Beginning with the first line and ending with the one containing "Bluetooth Wireless Mouse, Dual", copy the lines of the listing below exactly; omit everything else.

== Segment start ==

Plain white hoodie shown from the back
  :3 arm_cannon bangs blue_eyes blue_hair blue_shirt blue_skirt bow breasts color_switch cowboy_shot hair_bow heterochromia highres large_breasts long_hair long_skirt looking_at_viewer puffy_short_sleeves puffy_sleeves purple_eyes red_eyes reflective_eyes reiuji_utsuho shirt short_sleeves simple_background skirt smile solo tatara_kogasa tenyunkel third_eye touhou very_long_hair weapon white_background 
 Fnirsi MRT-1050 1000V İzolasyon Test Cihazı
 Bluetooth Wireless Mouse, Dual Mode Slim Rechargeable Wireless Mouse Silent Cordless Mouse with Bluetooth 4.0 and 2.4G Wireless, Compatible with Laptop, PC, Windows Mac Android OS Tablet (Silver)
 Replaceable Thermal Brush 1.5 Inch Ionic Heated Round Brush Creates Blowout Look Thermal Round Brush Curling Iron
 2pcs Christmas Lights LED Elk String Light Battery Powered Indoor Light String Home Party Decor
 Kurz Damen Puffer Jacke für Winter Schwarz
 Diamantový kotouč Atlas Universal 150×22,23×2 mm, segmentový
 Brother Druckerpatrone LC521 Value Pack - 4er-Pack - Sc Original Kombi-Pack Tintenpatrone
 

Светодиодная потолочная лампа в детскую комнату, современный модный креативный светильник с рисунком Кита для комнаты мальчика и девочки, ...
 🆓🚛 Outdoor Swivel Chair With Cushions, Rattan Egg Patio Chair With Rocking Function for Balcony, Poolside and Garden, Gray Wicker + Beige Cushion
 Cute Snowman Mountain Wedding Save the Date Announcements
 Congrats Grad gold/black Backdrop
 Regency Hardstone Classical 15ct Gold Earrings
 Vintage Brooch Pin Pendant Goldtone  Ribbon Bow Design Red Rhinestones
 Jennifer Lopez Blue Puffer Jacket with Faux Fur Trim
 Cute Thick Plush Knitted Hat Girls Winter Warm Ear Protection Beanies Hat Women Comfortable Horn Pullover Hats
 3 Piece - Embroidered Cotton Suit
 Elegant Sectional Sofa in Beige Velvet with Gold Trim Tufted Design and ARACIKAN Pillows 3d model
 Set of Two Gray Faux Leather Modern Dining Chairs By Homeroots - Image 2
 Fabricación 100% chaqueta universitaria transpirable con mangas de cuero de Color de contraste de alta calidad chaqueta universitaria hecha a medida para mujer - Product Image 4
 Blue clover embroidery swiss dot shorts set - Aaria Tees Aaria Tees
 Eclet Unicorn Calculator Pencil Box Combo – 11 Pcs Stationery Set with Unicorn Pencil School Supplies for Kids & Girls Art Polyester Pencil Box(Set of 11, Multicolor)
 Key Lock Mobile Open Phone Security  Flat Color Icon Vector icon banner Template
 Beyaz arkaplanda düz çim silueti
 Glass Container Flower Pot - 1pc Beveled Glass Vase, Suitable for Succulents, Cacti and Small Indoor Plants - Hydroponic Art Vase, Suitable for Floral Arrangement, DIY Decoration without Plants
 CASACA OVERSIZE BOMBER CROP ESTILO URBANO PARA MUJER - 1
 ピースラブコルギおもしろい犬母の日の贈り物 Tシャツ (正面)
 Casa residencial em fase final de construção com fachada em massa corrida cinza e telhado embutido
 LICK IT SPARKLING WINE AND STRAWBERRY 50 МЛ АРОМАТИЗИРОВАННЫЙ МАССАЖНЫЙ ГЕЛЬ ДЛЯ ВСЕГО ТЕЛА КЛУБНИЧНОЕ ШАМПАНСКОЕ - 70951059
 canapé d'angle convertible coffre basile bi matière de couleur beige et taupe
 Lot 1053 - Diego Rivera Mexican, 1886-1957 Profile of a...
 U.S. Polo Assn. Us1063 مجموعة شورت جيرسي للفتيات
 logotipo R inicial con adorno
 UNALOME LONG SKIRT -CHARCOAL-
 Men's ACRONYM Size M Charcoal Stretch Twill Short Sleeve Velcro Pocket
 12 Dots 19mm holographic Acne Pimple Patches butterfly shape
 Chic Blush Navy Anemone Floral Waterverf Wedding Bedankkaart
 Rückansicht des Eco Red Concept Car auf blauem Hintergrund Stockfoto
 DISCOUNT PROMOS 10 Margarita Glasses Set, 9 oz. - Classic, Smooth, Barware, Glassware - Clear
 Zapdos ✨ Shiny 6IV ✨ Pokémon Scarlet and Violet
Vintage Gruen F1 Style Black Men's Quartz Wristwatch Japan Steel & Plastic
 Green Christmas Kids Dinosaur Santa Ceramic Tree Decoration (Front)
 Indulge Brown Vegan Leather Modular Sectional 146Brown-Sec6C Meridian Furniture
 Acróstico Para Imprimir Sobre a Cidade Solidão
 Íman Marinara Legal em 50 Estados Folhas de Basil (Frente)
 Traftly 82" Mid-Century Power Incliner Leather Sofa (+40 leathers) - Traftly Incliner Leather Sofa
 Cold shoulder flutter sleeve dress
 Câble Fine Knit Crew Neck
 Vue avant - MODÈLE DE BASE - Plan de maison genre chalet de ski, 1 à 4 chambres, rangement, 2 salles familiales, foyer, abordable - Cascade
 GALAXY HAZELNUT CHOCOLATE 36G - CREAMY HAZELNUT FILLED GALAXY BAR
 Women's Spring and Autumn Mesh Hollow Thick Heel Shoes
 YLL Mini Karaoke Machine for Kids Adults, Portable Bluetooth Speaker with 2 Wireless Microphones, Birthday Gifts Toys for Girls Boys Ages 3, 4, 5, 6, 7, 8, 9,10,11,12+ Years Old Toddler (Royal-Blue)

== Segment end ==

## ANSWER SECTION
Plain white hoodie shown from the back
  :3 arm_cannon bangs blue_eyes blue_hair blue_shirt blue_skirt bow breasts color_switch cowboy_shot hair_bow heterochromia highres large_breasts long_hair long_skirt looking_at_viewer puffy_short_sleeves puffy_sleeves purple_eyes red_eyes reflective_eyes reiuji_utsuho shirt short_sleeves simple_background skirt smile solo tatara_kogasa tenyunkel third_eye touhou very_long_hair weapon white_background 
 Fnirsi MRT-1050 1000V İzolasyon Test Cihazı
 Bluetooth Wireless Mouse, Dual Mode Slim Rechargeable Wireless Mouse Silent Cordless Mouse with Bluetooth 4.0 and 2.4G Wireless, Compatible with Laptop, PC, Windows Mac Android OS Tablet (Silver)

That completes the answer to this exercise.